■ WORK TO COMPLETE ■
Ignoring every picture, return the lines of the listing below word for word, from the line that holds "Photo of property" through the line that holds "Fahrzeugbild Carado pro".

■ MATERIAL FOR THIS EXERCISE ■
━━━━━━━━
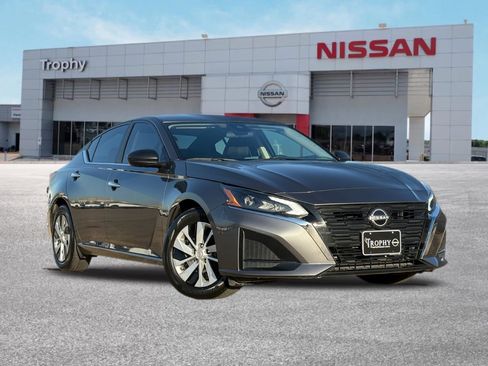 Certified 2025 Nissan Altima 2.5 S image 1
━━━━━━━━
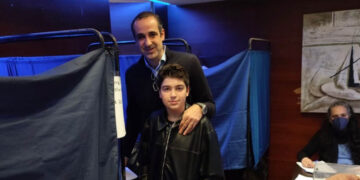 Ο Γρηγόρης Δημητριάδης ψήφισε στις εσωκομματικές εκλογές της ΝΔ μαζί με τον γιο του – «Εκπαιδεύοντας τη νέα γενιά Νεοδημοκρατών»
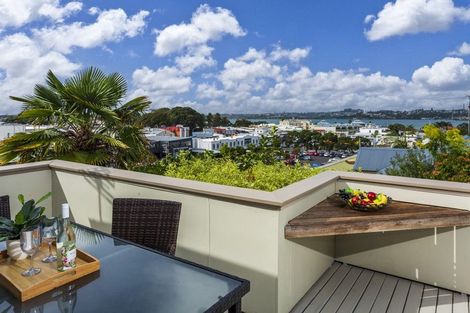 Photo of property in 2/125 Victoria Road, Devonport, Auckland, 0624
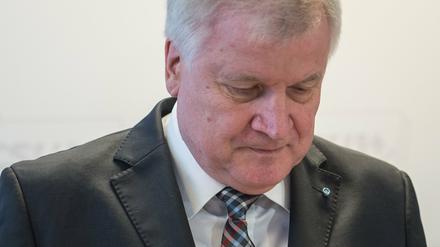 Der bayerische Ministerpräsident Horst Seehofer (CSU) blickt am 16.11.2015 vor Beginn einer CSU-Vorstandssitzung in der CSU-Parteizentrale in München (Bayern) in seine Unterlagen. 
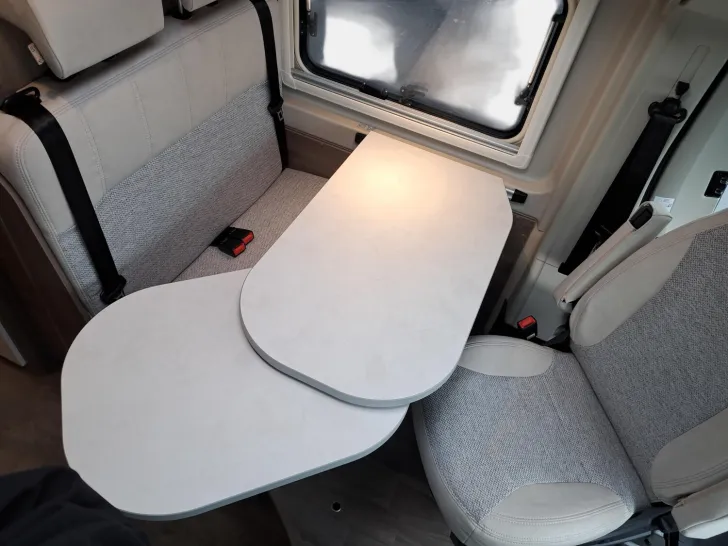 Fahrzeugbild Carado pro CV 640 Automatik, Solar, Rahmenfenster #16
━━━━━━━━
■ RESULT OF THIS EXERCISE ■
 Photo of property in 2/125 Victoria Road, Devonport, Auckland, 0624
 Der bayerische Ministerpräsident Horst Seehofer (CSU) blickt am 16.11.2015 vor Beginn einer CSU-Vorstandssitzung in der CSU-Parteizentrale in München (Bayern) in seine Unterlagen. 
 Fahrzeugbild Carado pro CV 640 Automatik, Solar, Rahmenfenster #16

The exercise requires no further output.